◆ DATA SUPPLIED ◆
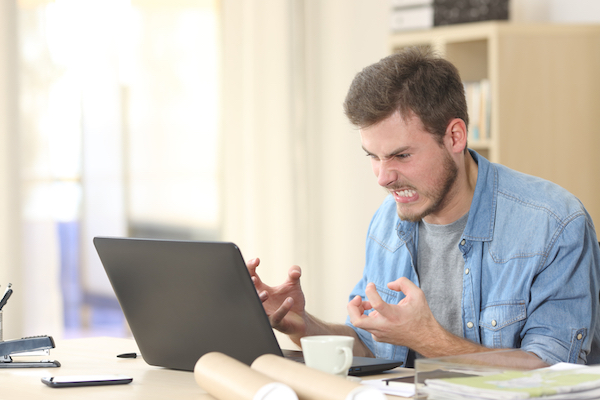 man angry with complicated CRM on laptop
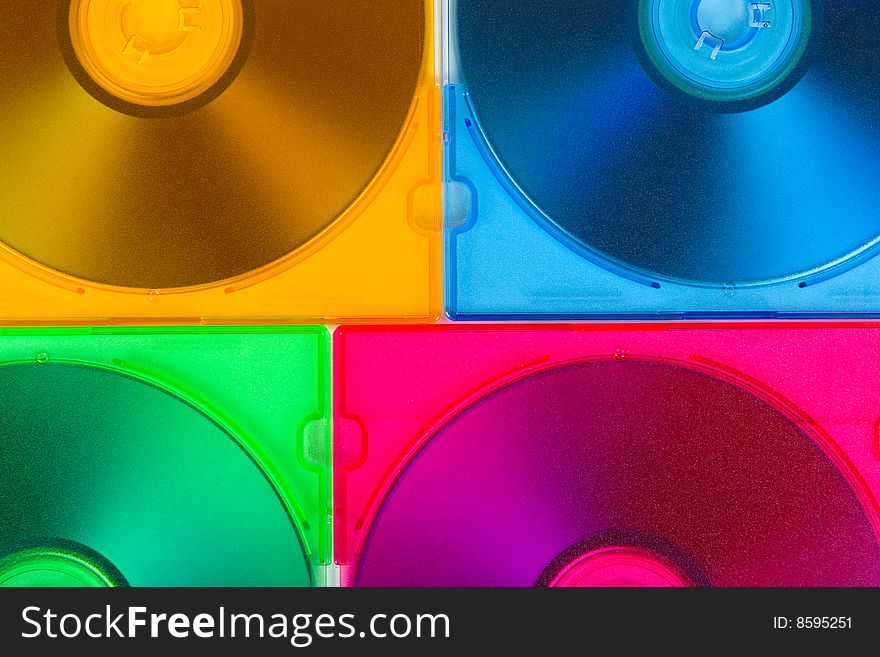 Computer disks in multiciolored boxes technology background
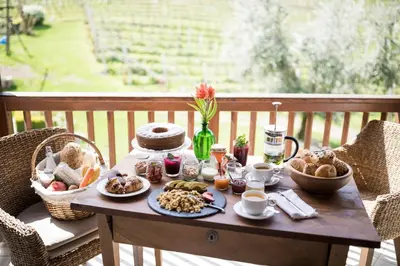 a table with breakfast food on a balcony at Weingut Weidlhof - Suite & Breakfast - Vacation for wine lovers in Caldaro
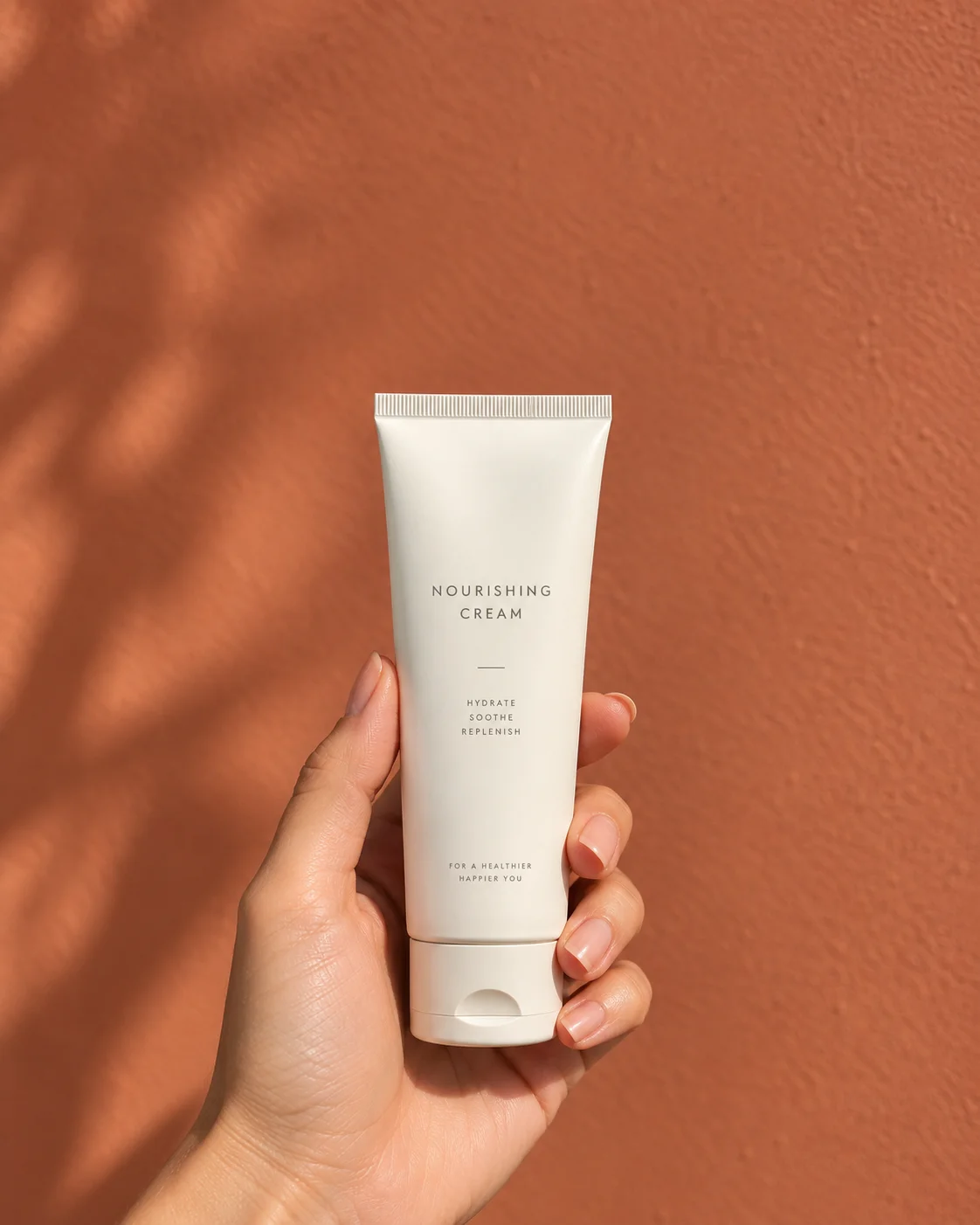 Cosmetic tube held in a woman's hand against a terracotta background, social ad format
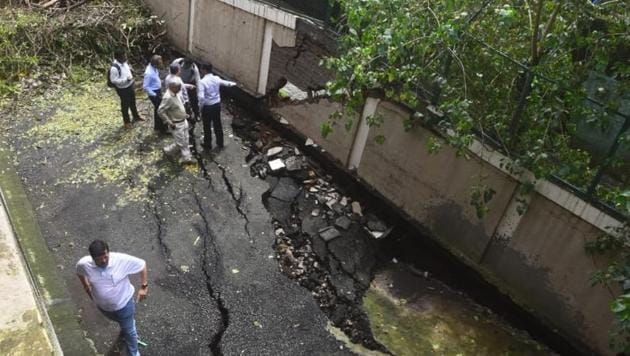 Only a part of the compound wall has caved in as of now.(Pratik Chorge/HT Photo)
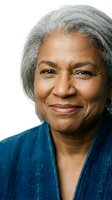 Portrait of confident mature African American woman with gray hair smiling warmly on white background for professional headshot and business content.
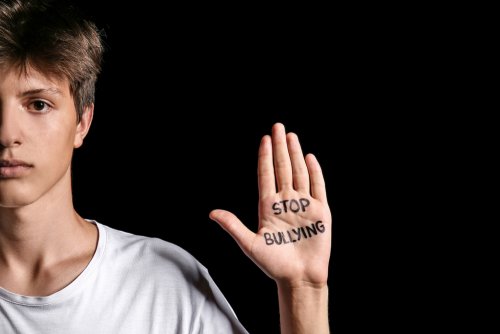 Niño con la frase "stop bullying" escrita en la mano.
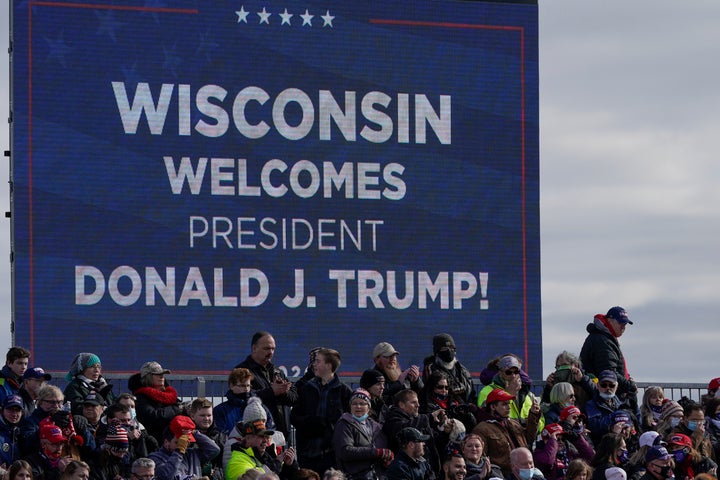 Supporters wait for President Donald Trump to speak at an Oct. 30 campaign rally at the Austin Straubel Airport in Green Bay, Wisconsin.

◆ WHAT YOU WILL DO ◆
Exactly the lines from the top of the listing through the line with "Only a part", and no pictures, should be printed.

◆ WRITTEN RESPONSE ◆
 man angry with complicated CRM on laptop
 Computer disks in multiciolored boxes technology background
 a table with breakfast food on a balcony at Weingut Weidlhof - Suite & Breakfast - Vacation for wine lovers in Caldaro
 Cosmetic tube held in a woman's hand against a terracotta background, social ad format
 Only a part of the compound wall has caved in as of now.(Pratik Chorge/HT Photo)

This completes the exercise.